Si beaucoup pensent qu’il a été dessiné par Michel-Ange, l’uniforme de la Garde suisse est en réalité en service seulement depuis 1914.
Au Vatican, la tendance est à la simplification. Voici quelques décennies que l’usage de la cappa magna des évêques et de la tiare papale a disparu. Seul le protocole en vigueur au sein de la Garde suisse pontificale semble perdurer : nombre de touristes photographient les pittoresques soldats en poste avec leur hallebarde et leur pantalon bouffant à rayures. Si la Garde suisse est née au tout début du XVIe siècle, l’uniforme actuel des soldats du pape ne date en fait que de 1914 et, contrairement aux idées reçues, n’a pas été dessiné par Michel-Ange mais a été inspiré par Raphaël.

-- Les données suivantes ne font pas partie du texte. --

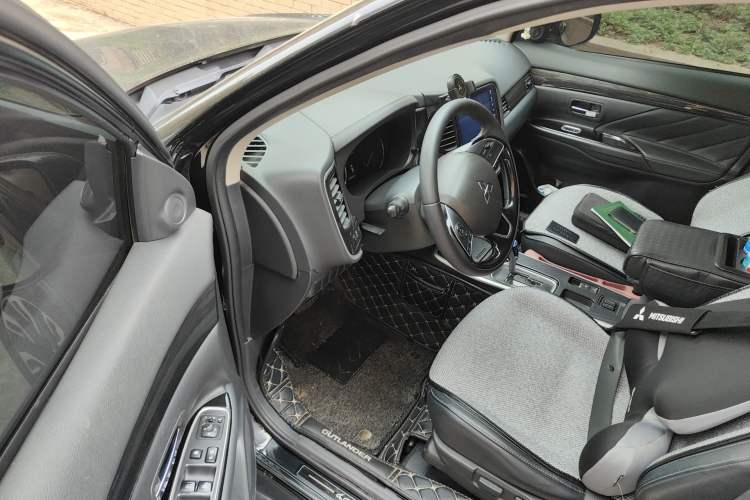 Used Mitsubishi Outlander 2019 2.0L Two-Wheel Drive Comfort Edition 5 Seats China VI Standard
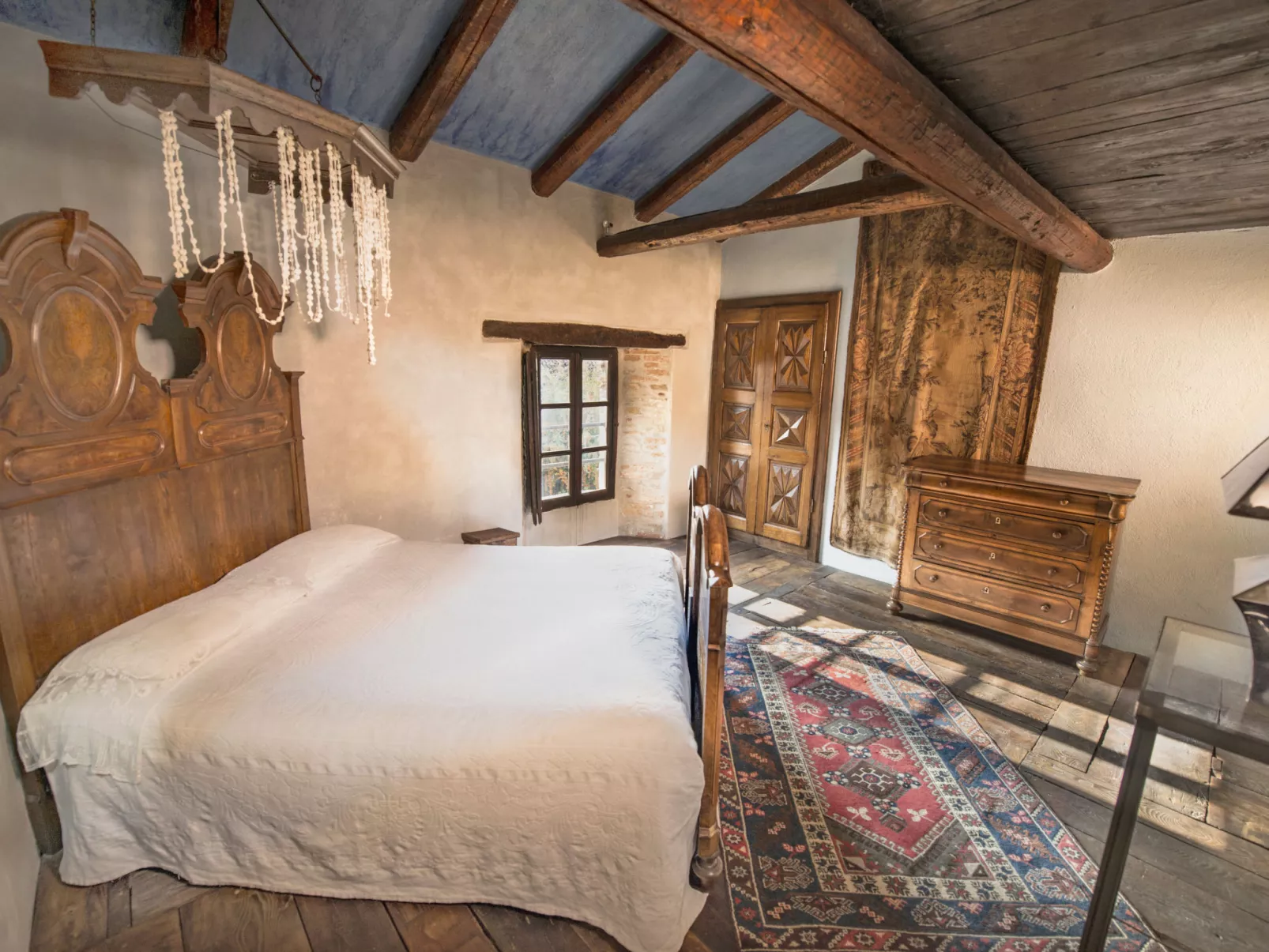 Borgo del Riondino-Inside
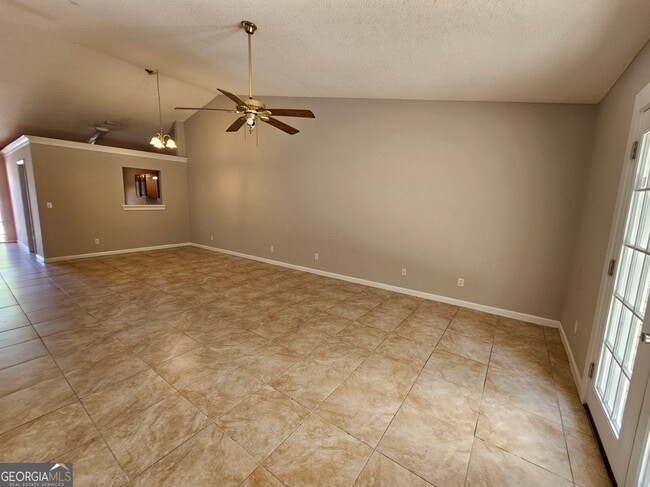 Building Photo - 189 E Lakemont Dr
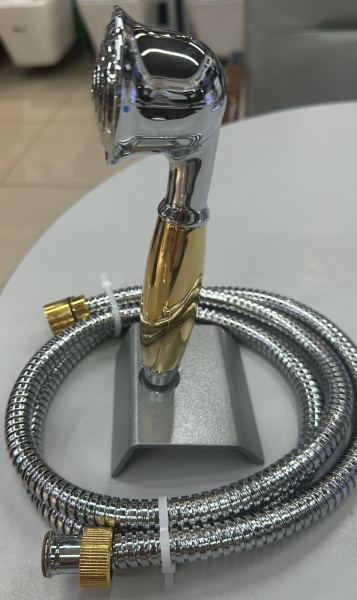 Ручной душ, латунь,хром/золото+Шланг душевой,антиторсионный, 150 см.,1/2"х1/2" хром/золото RICAMBI MIGLIORE Ручной душ, латунь,хром/золото+Шланг душевой,антиторсионный, 150 см.,1/2"х1/2" хром/золото RICAMBI MIGLIORE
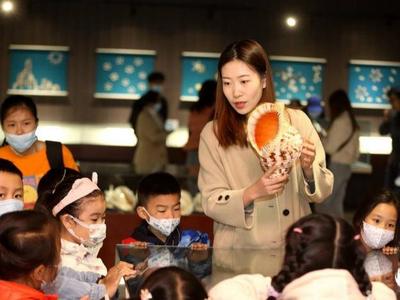 青岛学生怎么“玩”？博物馆参观互动成研学旅行重要组成
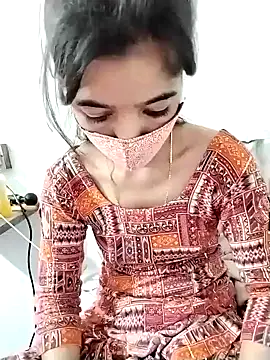 Snapshot of Cute-Ridhima chatting on 12.28.24 Cute-Ridhima online show from 12.28.24
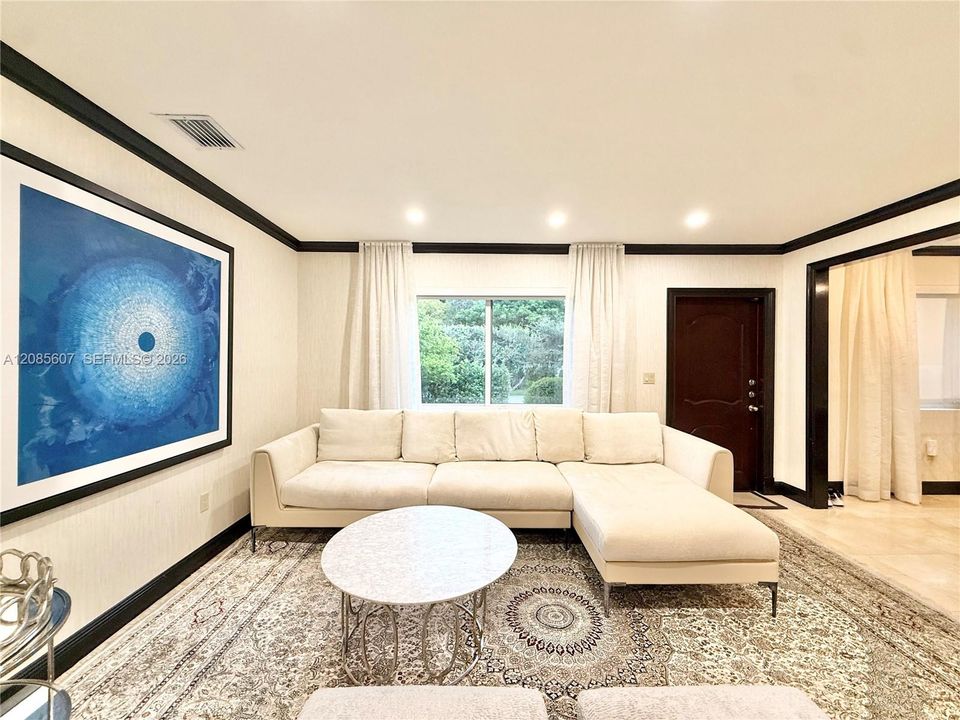 For Rent: $7,500 (2 beds, 3 baths, 1384 Square Feet)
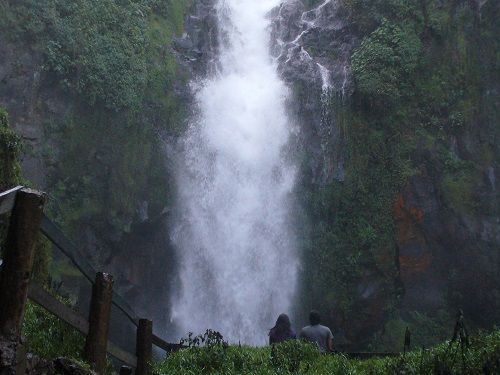 Paseo por Mexico Tuliman waterfall in Zacatlán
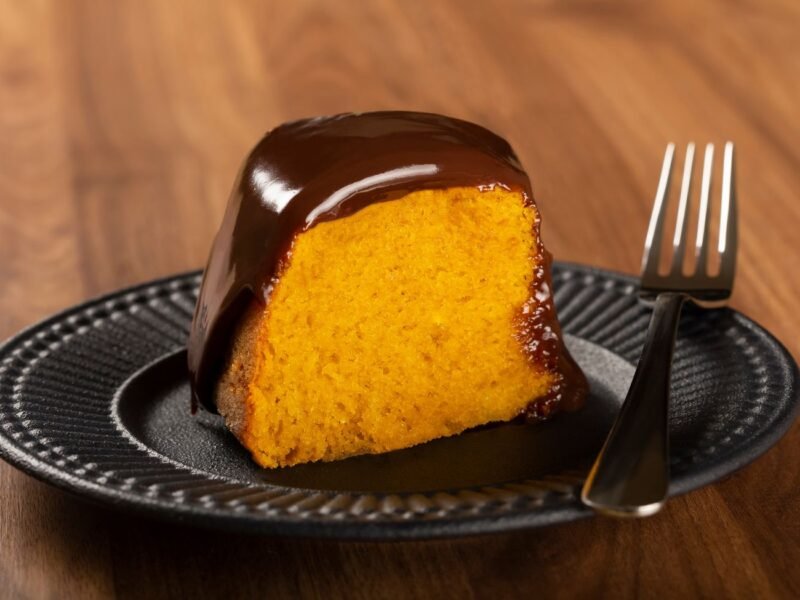 fatia de bolo de cenoura com cobertura de chocolate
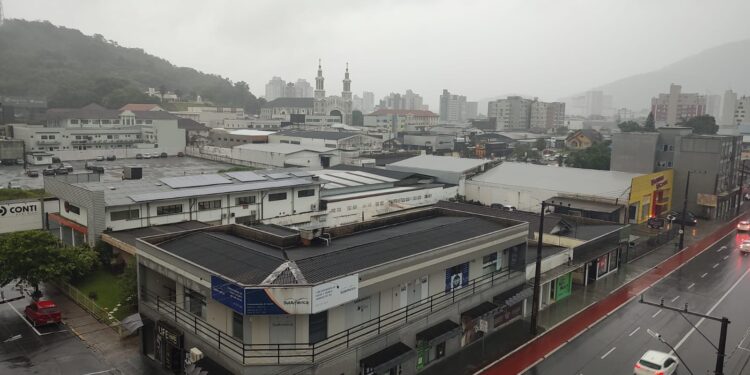 Defesa Civil alerta para risco de temporal em SC nesta terça-feira (16)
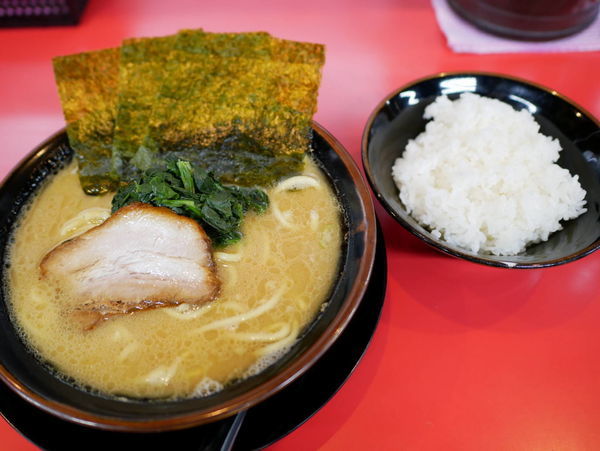 「醤油ラーメン 麺硬め＋味濃いめ＋油多め＋サービスライス」@丸子家の写真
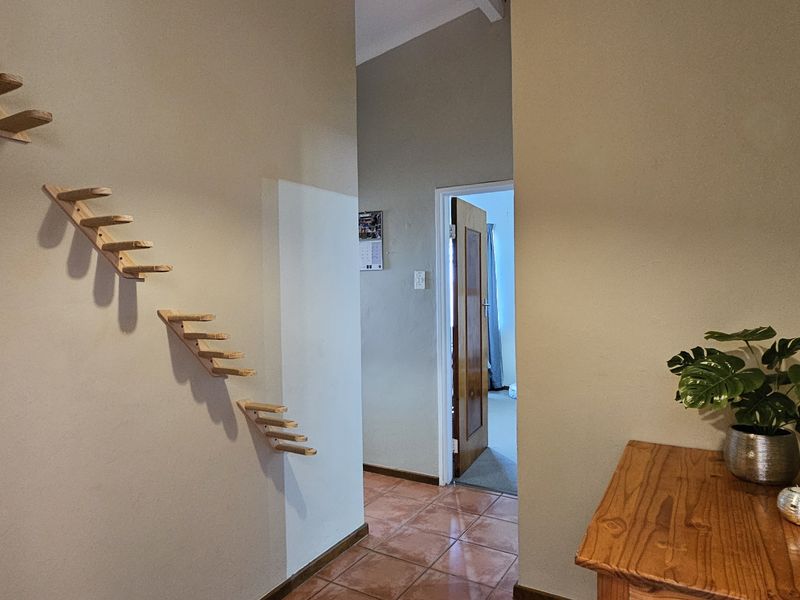 3 Bedroom Home with Flatlet Close to Nature and Walking Trails - Photo 2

Créé par Jules II, appelé le « pape de fer » et instigateur de la construction de la basilique Saint-Pierre, la Garde suisse démarre avec 150 hommes. Au cours des siècles, ce corps d’élite suit les évolutions militaires avant d’être réformée par Jules Repond au début du XXe siècle. Celui-ci impose une discipline de fer et renvoie une grande partie de la garde, car de nationalité italienne. Fait unique dans l’histoire, la garde se met alors en grève et en profite même pour demander l’autorisation de fréquenter les bars de la rive droite du Tibre. Cette mutinerie conduit à son désarmement temporaire par le pape saint Pie X.
Inspiré de la Messe de Bolsena de Raphaël
En retour, le pontife italien soutient le projet de remettre à l’honneur l’uniforme de gala d’origine. En 1914, Jules Repond s’inspire alors de représentations historiques, comme des figures peintes 400 ans plus tôt par Raphaël sur la fresque de la Messe de Bolsena dans le palais du Vatican. Et ce même si les cinq hommes qui ont été pris pour des Suisses sont en réalité les porteurs de la chaise du pape. La confusion viendrait du fait qu’ils étaient armés…
Ainsi redessiné, l’uniforme à la mode du cinquecento n’a plus varié depuis 1914. Seule autre réforme du colonel Repond, le chapeau est remplacé par un béret et un casque en aluminium aux bords relevés et frappé de l’emblème de Jules II : appelé le morion, il est orné de plumes, dont l’espèce et la teinte varient selon le grade.
Lors de son intégration, chaque soldat, nécessairement catholique, célibataire et âgé de 19 à 30 ans, reçoit trois uniformes cousus sur mesure : un d’été, un d’hiver et un d’exercice. Ce dernier, discret et entièrement bleu foncé, est porté lors de l’instruction, au service de nuit et à la porte Sainte-Anne, qui est l’entrée la plus utilisée de la Cité du Vatican.
Ceux d’été et d’hiver ne se distinguent que par l’épaisseur du tissu tricolore et se déclinent avec des accessoires (morion blanc ou noir, cuirasse, gants blancs, gorgerette, guêtres, manteau…). Un tailleur, de nationalité italienne, est chargé au sein de la Garde suisse de réaliser les uniformes.
Signe enfin de son importance : à titre de sanction, le garde qui enfreint le règlement doit détruire au hachoir l’uniforme des anciennes recrues, ce qui permet aussi d’éviter toute utilisation frauduleuse. Un garde suisse peut conserver son uniforme s’il a servi au moins cinq ans et même le porter dans la Confédération helvétique sous certaines conditions. Il est même possible d’être enterré avec.